I look; morning to night I am never done looking.
Looking, I mean
not just standing around, but standing around
as though with your arms wide open.
And thinking: maybe something will come,
some shining coil of wind,
or a few leaves from any old tree –
they are all in this too.

Finally, Mary Oliver poems urge patience in the search for living mindfully in the world as it presents itself.

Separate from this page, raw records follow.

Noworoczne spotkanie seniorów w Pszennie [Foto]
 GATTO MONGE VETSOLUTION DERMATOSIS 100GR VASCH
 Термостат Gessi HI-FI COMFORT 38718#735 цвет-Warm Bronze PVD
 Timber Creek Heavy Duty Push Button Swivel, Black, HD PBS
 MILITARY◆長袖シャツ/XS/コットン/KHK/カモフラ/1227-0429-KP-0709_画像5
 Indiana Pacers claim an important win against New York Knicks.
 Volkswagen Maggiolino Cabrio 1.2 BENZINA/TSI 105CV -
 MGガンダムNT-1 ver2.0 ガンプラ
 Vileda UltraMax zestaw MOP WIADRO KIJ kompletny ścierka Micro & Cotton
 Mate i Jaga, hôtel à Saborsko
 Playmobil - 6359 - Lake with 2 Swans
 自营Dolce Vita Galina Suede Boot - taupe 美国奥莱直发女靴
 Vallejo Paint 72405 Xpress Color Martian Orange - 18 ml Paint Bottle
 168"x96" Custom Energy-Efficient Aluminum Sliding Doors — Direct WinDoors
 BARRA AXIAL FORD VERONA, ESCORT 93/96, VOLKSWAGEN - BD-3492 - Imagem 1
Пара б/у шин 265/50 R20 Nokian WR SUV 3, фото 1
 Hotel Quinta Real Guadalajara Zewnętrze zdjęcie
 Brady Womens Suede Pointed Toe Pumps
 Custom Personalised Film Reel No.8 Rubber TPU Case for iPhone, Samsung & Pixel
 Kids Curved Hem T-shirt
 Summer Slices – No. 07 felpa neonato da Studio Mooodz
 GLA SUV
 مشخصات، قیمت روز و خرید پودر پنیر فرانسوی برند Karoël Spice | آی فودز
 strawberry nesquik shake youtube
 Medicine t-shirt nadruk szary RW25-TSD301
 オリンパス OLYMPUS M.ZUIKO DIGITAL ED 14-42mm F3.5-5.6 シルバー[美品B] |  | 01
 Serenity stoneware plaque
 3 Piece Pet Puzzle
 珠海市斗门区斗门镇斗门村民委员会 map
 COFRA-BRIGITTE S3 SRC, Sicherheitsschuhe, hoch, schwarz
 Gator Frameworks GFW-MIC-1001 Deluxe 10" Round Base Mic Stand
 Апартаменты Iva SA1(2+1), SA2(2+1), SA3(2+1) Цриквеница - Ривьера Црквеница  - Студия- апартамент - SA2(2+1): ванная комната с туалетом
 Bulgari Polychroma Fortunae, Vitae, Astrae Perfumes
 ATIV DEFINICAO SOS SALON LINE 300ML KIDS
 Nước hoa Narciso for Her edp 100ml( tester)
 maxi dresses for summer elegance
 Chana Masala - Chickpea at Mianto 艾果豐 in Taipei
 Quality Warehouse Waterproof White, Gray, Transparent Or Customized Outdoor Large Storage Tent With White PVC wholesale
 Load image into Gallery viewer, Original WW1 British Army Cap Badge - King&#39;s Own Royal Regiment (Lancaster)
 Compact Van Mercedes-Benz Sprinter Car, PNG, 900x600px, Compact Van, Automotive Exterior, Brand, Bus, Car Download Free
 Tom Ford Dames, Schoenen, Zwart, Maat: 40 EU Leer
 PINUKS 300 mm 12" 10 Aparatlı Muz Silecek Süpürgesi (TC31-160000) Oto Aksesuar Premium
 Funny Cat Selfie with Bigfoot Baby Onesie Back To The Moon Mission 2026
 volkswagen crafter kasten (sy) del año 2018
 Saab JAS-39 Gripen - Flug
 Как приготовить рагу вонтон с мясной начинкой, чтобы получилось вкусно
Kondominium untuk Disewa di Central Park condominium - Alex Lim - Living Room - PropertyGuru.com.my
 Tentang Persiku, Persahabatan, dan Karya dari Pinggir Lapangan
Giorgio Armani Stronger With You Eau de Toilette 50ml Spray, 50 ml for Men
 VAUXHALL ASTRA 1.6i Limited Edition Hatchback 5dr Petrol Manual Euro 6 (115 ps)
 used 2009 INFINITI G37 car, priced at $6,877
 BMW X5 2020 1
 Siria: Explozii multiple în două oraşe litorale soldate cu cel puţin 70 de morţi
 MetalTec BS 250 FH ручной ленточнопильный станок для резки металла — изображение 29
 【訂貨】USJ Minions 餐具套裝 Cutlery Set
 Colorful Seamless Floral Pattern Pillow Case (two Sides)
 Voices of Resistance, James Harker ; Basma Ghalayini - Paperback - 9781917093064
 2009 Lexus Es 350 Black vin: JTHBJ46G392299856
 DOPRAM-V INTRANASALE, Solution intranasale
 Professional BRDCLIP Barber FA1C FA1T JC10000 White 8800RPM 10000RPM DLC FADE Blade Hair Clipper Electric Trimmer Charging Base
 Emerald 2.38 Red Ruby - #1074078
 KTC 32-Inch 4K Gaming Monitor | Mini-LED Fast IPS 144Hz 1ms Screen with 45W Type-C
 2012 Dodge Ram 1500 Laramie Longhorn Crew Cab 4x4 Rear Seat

In her last (and best) collection of poems entitled Devotions that draws from her vast body of poems, the reader can witness the slow steady evolution of her capacities to see and describe the world she encounters.  It calls for a habit of taking notice, looking up from our damnable phones, pausing in our dash to multitask, and asking ourselves, “What in this moment am I meant to see?” From “Mindful”:

Every day
I see or hear
something
that more or less

kills me
with delight,
that leaves me
like a needle

in the haystack
of light.
It was what I was born for–
to look, to listen,

to lose myself
inside this soft world–
to instruct myself
over and over

in joy,
and acclamation.

Scholars will study Mary Oliver for years to come.  She will be extolled for her brilliance and criticized for what seems her ordinariness.  For those who turn to her poetry for a breath of fresh air and to be invited with her into the natural world, she will always remain a good companion and a wise teacher.  If I were to provide an epitaph that capture Mary Oliver’s spirit as a writer, no better lines could be found than from her poem, “When Death Comes”:

When it’s over, I want to say all my life
I was a bride married to amazement.
I was the bridegroom, taking the world into my arms.
When it’s over, I don’t want to wonder
if I have made of my life something particular, and real.
I don’t want to find myself sighing and frightened,
or full of argument.
I don’t want to end up simply having visited this world.

We can say Amen to that! May her words live on.  May we all live with the experience of being “married to amazement”.